Viele kleinere Akteure sehen die Stabilität der internationalen
Handelsordnung gefährdet. Der wichtigste Anlaß für diese
Skepsis ist die zunehmende Konkurrenz zwischen der EU und den USA, die
in einen immer schärfer geführten Handelskrieg verstrickt
sind. Zugleich sind es gerade die EU und die USA, die immer neue Handelsprojekte
mit kleineren Ländern schaffen. Allein im November 2002 hat der
amerikanische Handelsbeauftragte Bob Zoellick zehn neue bilaterale Freihandelszonen
vorgeschlagen. Folge der Schaffung bilateraler Freihandelszonen ist,
daß damit Macht und Hierarchie in die Handelsbeziehungen zurückkehren:
Streitschlichtung findet innerhalb der Freihandelszonen, nicht in der
WTO statt. Die an die Einhaltung von Regeln gebundene internationale
Handelsordnung wird damit außer Kraft gesetzt.
Etwas anders gelagert sind die Verhältnisse in Hinblick auf die
Schaffung eines stabilen internationalen Finanzsystems. Auf globaler
Ebene fehlen diejenigen Institutionen, die im nationalen Raum selbstverständlich
vorhanden sind. Es gibt keinen globalen Gläubiger der letzten Instanz,
kein internationales Insolvenzverfahren und keine Institution, die die
Stabilisierung von Wechselkursen als ihre Aufgabe betrachtet.
In einigen Regionen der Welt wird deshalb über monetären
Regionalismus nachgedacht. Wie können sich Ländergruppen vor
Finanzkrisen schützen und im Krisenfall gegenseitig unterstützen?
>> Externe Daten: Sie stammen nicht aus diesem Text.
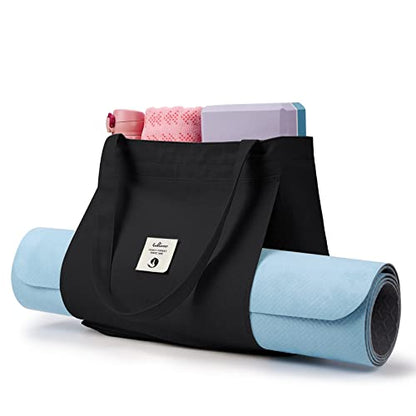 WLLWOO Yoga Mat Carrier Bag for Women Canvas Carryall Tote Gym Pilates | Large Holder Zipper Shoulder for Beach Travel Workout Fitness Office - color: black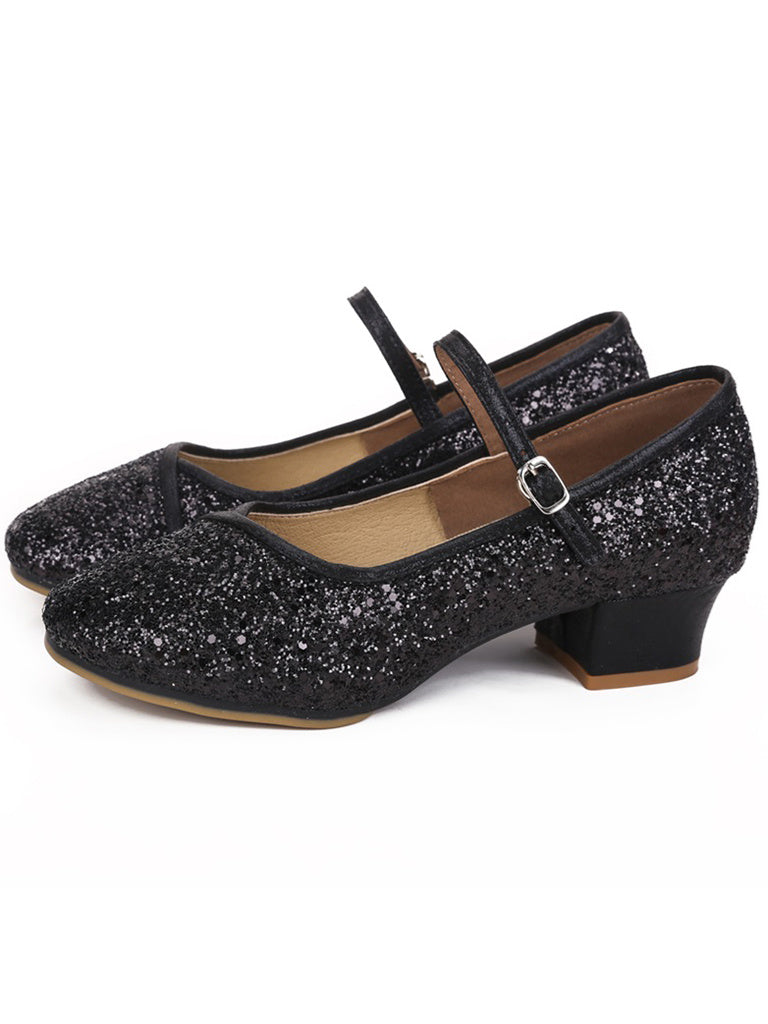 Women's Dancewear Shoes  Block Heel Round Toe Glitter Ballroom Dance Shoes - Image 5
Welche Möglichkeiten zur Stabilisierung von Wechselkursen gibt
es im regionalen Verbund? Welche Bedingungen müssen erfüllt
sein, um einen solchen Prozeß erfolgreich zu implementieren? Monetärer
Regionalismus hat aber ebenfalls eine Schattenseite: Diese regionalen
Projekte schwächen die Versuche zur Schaffung einer multilateralen
Finanzordnung.
Um der Gefahr der weiteren Erosion des Multilateralismus zu begegnen,
sind sowohl handelspolitische als auch finanzpolitische Maßnahmen
notwendig. Vor allem aber müssen die EU und die USA auf den Pfad
der Kooperation zurückfinden. Nur von Europa und Amerika kann der
Trend zur Regionalisierung aufgehalten werden.